I seem to collect 186 / 188 / 286 / 386 / 486 cpu's and also 187 / 287 / 387 / 487 math coprocessors.
PM me if you want the shears or with what you have in trade. 8) 

Thanks!


----------



## scrappappy (Apr 6, 2016)

glorycloud said:


> OK, this is way to industrial for me. I just couldn't get comfortable with it.
> I paid $53.95 for it new off eBay. Anyone want it for cash or trade for $50.00
> plus shipping??
> 
> ...



I would trade this old Clayton & Lambert blow torch for it. Its in really good shape and might still work but since it was made in the 1920's I think the test might be a little gnarly for my comfort zone. Let me know if interested in a trade, straight up.


----------



## NobleMetalWorks (Apr 6, 2016)

Take a 2x4 or even a 2x6, cut a slot in it, make it long enough you can sit on one end and have the slotted end in front of you. Make the material you are removing the fingers from at a level easy to pick up while sitting down and slide into the slot. Lean forward, wearing leather gloves works well also, push the board forward until it snaps off the finger trim, drop the fingerless board into a box in front of you, then pick up the next board to do this with, slide it into the slot pushing the previous finger board out the side and into another box or bucket.

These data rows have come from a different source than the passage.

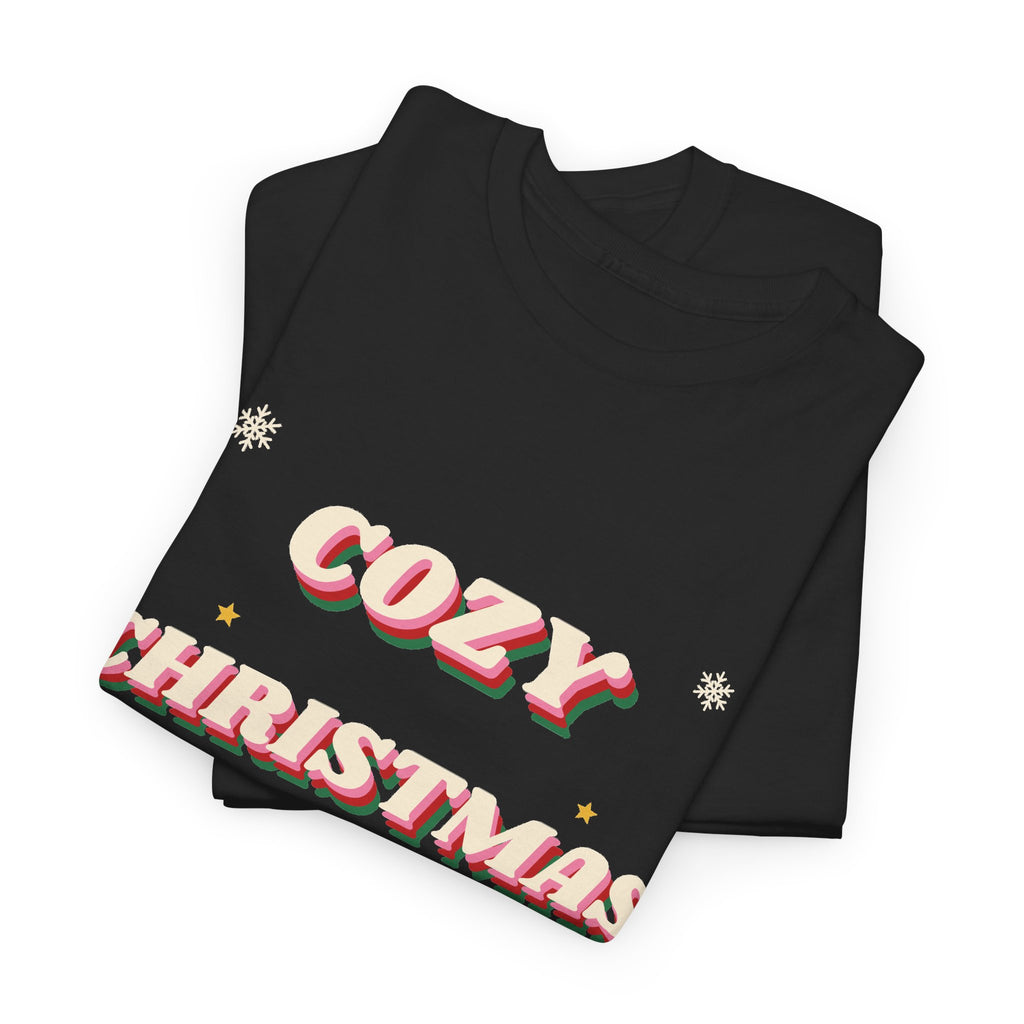 Cozy Christmas Vibes Tee — Retro 70s Groovy Holiday T-Shirt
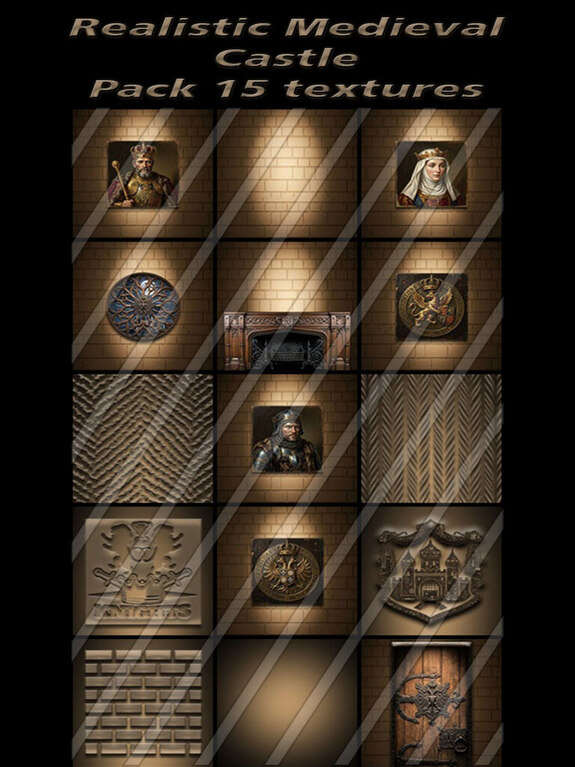 Realistic Medieval Castle Pack 15 textures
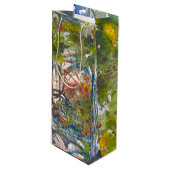 Wein-Geschenk-Taschen-Weinberg-Malerei Geschenktüte Für Weinflaschen (Vorderseite Schrägansicht)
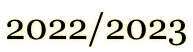 2022/2023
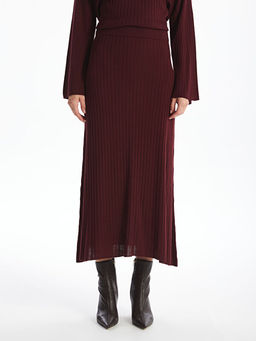 Beli Lastikli Kad?n Triko Etek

Rinse, repeat as many times as needed. Easy on the body, faster than shears, no pain, no trouble, no "bad for you" dust from cutting, no expensive or costly equipment.

Scott


----------



## glorycloud (Apr 6, 2016)

scrappappy said:


> glorycloud said:
> 
> 
> > OK, this is way to industrial for me. I just couldn't get comfortable with it.
> ...



That looks like art!! OK, I'll trade even up for my fine yet "industrial" electric shears.
PM me your details scrappappy and I will get it moving to you.

Thanks!


----------



## glorycloud (Apr 6, 2016)

NobleMetalWorks said:


> Take a 2x4 or even a 2x6, cut a slot in it, make it long enough you can sit on one end and have the slotted end in front of you. Make the material you are removing the fingers from at a level easy to pick up while sitting down and slide into the slot. Lean forward, wearing leather gloves works well also, push the board forward until it snaps off the finger trim, drop the fingerless board into a box in front of you, then pick up the next board to do this with, slide it into the slot pushing the previous finger board out the side and into another box or bucket.



Scott,

Might you have a picture of your setup? That sounds easier than what I have been doing. 8) 

Thanks!

G_C


----------



## scrappappy (Apr 6, 2016)

glorycloud said:


> scrappappy said:
> 
> 
> > glorycloud said:
> ...



Thanks glorycloud.. pm sent. I originally bought it for display but it's in such nice condition that I thought there's a good chance that it still works.. thought it might be a fun project for someone with experience with these things. Hope you enjoy!


----------



## nickvc (Apr 6, 2016)

That's a nice display piece, I think I envy glorycloud his swap 8)


----------